Quentin Tarantino’s obsession with Elvis
One of the many hallmarks of a Quentin Tarantino movie is the tributes and homages made to many of his favourite filmmakers, movies, and musical artists. That being said, while his soundtracks haven’t been picked directly from the legendary singer’s back catalogue, his lifelong love of Elvis Presley is well known.
In fact, if it wasn’t for ‘The King’, then modern Hollywood history could have turned out very differently after Tarantino admitted to Jimmy Kimmel that playing an Elvis impersonator on an episode of The Golden Girls proved to be of huge financial benefit when he was trying to cobble together funding for Reservoir Dogs.
It even came with the added benefit of being shown in two parts, with the director revealing that he got paid for both: “So I got paid maybe, I don’t know, $650 for that episode, but by the time the residuals were over three years later I made like $3000,” he said. “That kept me going during out preproduction time, trying to get Reservoir Dogs going.”
By the time True Romance was released a year after Tarantino’s directorial debut, his Elvis appreciation couldn’t have been made any clearer. He may have sold his screenplay off in order for Tony Scott to call the shots, but Christian Slater’s Clarence Worley has an obsession of his own that manifests in the form of Val Kilmer’s apparition, which stands out as his own formative experience of fawning over The King being brought to the screen through one of his own self-penned protagonists.
Tarantino has conflicted opinions on Elvis as a movie star, though, explaining in his book Cinema Speculation that during the period when Warren Beatty, Paul Newman, and Steve McQueen reigned as the three biggest names in the industry in his eyes, “the young movie star leading man who could have truly given the three actors at the top a run for their money was Elvis Presley.”
However, that didn’t mean he was enthralled by Presley’s filmography, claiming that “they weren’t real movies, they were Elvis Presley movies”. On the other side of the coin, he made a point of singling out Roustabout as “Elvis’ superior vehicle”, which he deemed “a pretty entertaining little picture chock-full of cool elements”. Given his own adoration of martial arts cinema, Tarantino also praises the 1964 feature as “the only film where Elvis gets to demonstrate his Ed Parker-taught karate moves”.
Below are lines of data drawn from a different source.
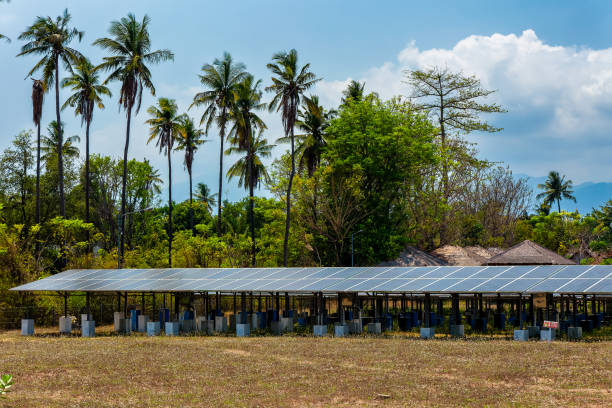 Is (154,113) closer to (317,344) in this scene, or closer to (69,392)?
(317,344)

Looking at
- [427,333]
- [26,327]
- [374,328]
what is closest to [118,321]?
[26,327]

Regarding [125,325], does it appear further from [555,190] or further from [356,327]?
[555,190]

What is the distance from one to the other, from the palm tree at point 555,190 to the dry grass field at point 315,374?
105 meters

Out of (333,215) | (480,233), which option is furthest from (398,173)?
(480,233)

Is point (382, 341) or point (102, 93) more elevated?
point (102, 93)

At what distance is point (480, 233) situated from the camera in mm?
79125

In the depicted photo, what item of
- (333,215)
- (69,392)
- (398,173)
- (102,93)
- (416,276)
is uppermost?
(102,93)

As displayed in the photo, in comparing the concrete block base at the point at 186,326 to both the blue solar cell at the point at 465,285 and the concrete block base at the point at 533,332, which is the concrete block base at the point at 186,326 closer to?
the blue solar cell at the point at 465,285

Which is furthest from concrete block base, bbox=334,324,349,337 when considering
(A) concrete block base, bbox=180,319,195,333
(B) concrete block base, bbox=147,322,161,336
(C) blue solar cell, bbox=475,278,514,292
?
(B) concrete block base, bbox=147,322,161,336

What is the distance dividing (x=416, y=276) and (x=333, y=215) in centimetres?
2746

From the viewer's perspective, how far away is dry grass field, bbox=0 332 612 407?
59.0 ft

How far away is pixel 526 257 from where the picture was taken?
51.3 meters

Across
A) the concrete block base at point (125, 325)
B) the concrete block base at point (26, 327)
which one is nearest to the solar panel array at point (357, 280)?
the concrete block base at point (26, 327)

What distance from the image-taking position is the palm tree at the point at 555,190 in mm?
126250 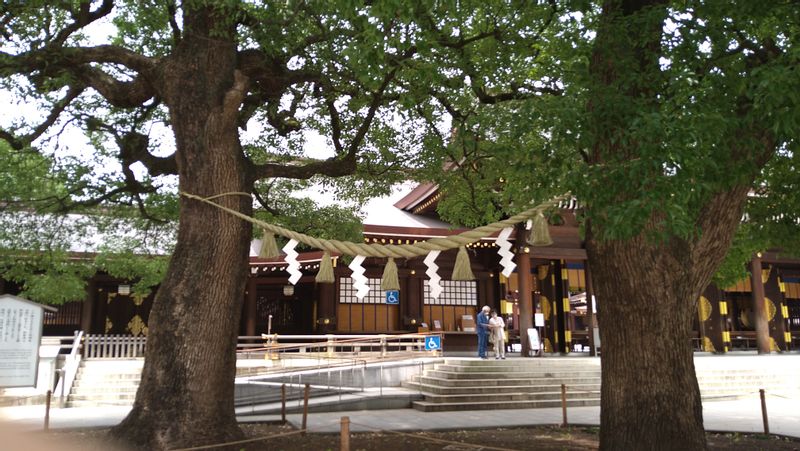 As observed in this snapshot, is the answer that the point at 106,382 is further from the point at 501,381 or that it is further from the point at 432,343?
the point at 501,381

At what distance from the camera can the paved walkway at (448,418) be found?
8.62m

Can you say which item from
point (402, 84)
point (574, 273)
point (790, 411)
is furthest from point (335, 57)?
point (574, 273)

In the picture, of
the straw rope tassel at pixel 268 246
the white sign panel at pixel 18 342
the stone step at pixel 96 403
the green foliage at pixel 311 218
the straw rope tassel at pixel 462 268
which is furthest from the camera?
the stone step at pixel 96 403

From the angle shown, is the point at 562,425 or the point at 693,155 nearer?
the point at 693,155

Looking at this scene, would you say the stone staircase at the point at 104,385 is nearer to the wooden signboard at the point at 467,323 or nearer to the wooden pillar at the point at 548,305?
the wooden signboard at the point at 467,323

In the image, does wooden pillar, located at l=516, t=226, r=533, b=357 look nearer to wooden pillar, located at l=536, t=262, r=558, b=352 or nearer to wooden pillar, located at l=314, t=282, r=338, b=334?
wooden pillar, located at l=536, t=262, r=558, b=352

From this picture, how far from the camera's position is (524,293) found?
1623 cm

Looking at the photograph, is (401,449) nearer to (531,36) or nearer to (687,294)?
(687,294)

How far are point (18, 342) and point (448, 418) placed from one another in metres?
6.56

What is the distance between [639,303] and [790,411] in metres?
7.52

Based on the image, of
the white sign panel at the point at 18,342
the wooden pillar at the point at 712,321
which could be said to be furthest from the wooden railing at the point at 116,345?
the wooden pillar at the point at 712,321

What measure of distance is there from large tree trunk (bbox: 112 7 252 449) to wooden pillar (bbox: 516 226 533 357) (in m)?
10.8

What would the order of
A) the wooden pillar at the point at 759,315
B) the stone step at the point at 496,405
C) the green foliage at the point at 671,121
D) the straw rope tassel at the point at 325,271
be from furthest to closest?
the wooden pillar at the point at 759,315 → the stone step at the point at 496,405 → the straw rope tassel at the point at 325,271 → the green foliage at the point at 671,121

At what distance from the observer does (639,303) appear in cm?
557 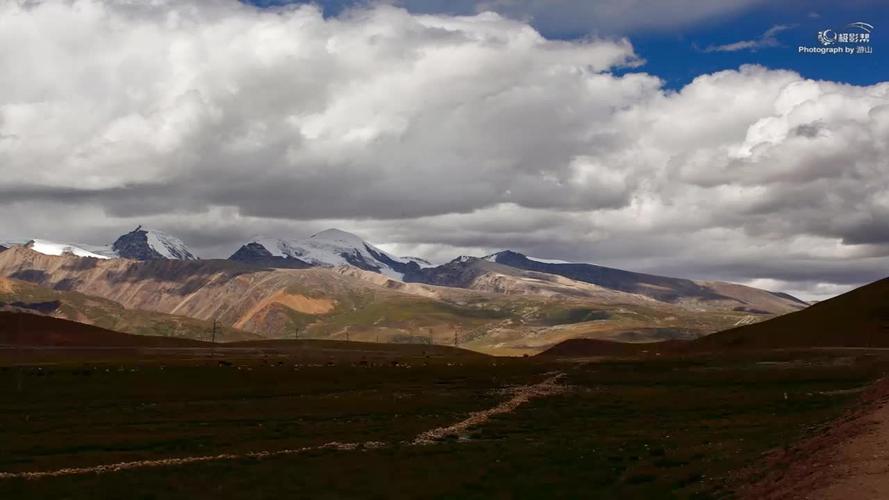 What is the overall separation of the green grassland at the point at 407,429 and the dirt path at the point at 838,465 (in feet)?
9.83

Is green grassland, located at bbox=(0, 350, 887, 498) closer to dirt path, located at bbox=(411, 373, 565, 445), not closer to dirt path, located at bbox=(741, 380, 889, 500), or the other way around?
dirt path, located at bbox=(411, 373, 565, 445)

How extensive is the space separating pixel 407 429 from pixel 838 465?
4262 cm

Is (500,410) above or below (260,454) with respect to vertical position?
above

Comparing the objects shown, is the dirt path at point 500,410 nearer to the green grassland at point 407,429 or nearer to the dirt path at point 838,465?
the green grassland at point 407,429

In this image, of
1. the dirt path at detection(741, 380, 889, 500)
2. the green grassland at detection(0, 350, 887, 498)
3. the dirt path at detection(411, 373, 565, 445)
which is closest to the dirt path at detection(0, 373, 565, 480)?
the dirt path at detection(411, 373, 565, 445)

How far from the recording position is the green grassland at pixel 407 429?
4666 centimetres

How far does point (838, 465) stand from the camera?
114 ft

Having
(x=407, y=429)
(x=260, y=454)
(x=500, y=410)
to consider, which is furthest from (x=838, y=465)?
(x=500, y=410)

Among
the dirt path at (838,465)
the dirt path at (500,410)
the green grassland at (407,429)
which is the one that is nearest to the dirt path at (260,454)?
the dirt path at (500,410)

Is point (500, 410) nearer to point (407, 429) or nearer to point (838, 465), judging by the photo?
point (407, 429)

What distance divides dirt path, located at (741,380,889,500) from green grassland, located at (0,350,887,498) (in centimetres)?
300

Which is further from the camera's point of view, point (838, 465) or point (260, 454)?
point (260, 454)

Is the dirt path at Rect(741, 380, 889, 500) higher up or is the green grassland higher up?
the dirt path at Rect(741, 380, 889, 500)

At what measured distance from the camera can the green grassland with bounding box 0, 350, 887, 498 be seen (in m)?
46.7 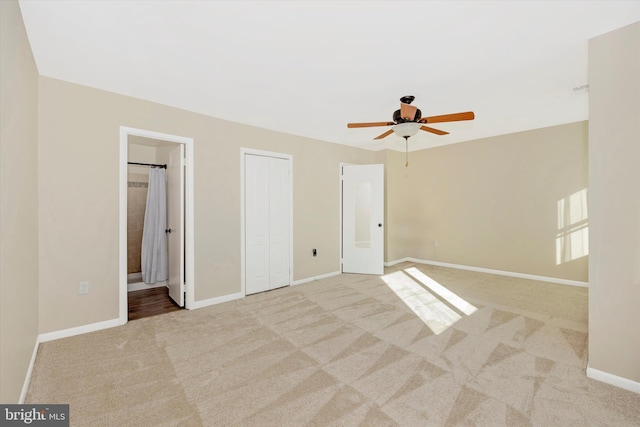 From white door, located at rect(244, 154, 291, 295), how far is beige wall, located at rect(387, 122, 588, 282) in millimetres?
2475

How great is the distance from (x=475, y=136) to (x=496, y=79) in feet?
8.45

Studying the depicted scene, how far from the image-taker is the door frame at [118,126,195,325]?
295cm

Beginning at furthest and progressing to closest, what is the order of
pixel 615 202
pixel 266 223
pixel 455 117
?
pixel 266 223 < pixel 455 117 < pixel 615 202

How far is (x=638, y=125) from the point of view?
72.6 inches

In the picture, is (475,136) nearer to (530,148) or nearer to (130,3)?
(530,148)

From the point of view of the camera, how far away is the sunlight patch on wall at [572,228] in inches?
164

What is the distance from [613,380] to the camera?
6.39ft

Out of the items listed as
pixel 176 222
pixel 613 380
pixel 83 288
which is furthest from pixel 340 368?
pixel 176 222

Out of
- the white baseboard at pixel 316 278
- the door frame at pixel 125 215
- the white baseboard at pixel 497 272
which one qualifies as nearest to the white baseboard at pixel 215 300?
the door frame at pixel 125 215

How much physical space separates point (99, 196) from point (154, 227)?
1612 millimetres

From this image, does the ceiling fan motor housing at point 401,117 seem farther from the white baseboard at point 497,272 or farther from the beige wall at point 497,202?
the white baseboard at point 497,272

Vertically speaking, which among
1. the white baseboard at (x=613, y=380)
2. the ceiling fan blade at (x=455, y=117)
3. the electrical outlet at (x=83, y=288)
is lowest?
the white baseboard at (x=613, y=380)

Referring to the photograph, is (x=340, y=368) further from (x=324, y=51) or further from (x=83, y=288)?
(x=83, y=288)

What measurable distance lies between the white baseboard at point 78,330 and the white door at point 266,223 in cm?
159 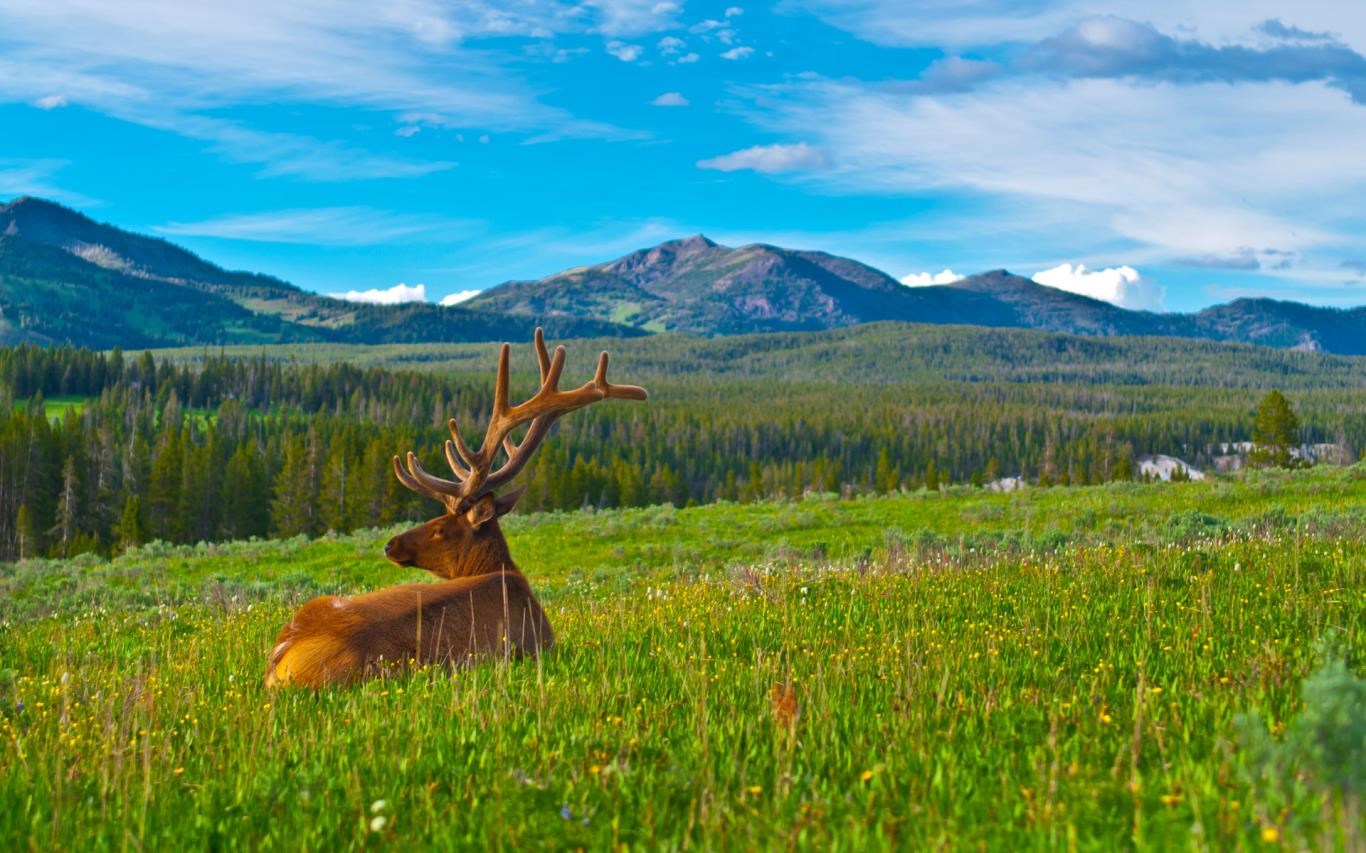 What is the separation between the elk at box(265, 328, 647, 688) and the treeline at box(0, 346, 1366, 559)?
74713 millimetres

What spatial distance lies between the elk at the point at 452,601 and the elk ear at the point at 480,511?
0.01 m

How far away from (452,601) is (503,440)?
8.84ft

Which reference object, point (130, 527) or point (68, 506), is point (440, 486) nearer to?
point (130, 527)

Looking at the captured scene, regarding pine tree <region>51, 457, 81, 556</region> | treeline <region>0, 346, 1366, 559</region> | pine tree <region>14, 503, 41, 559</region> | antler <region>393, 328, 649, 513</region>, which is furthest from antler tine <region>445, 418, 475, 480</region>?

The two-time Academy Award winner’s double-barrelled opinions on Elvis’ contributions to pop culture even extend to his musical output, too, with Tarantino having lauded and lambasted The King in equal measure.
Calling The Sun Session a “hugely important album” and “the purest expression of Elvis there was”, his approval of the pioneering musician’s discography waned as the decades wore on. Speaking to Uncut, his assessment of Presley’s later years was scathing: “If you really love Elvis, you’re ashamed of that man in Vegas. You feel like he let you down. The Hillbilly cat never let you down.”
The discussion between Mia Wallace and Vincent Vega in Pulp Fiction over the differences between fans of Elvis and The Beatles clearly came straight from Tarantino’s heart, and he’s made it clear he falls into the former camp since the very beginning of his career. In his unreleased amateur film My Best Friend’s Birthday, he even plays a character who calls Presley more attractive than any other man, which turned out to be just the first of many references to the seminal singer and songwriter that would become peppered throughout his work.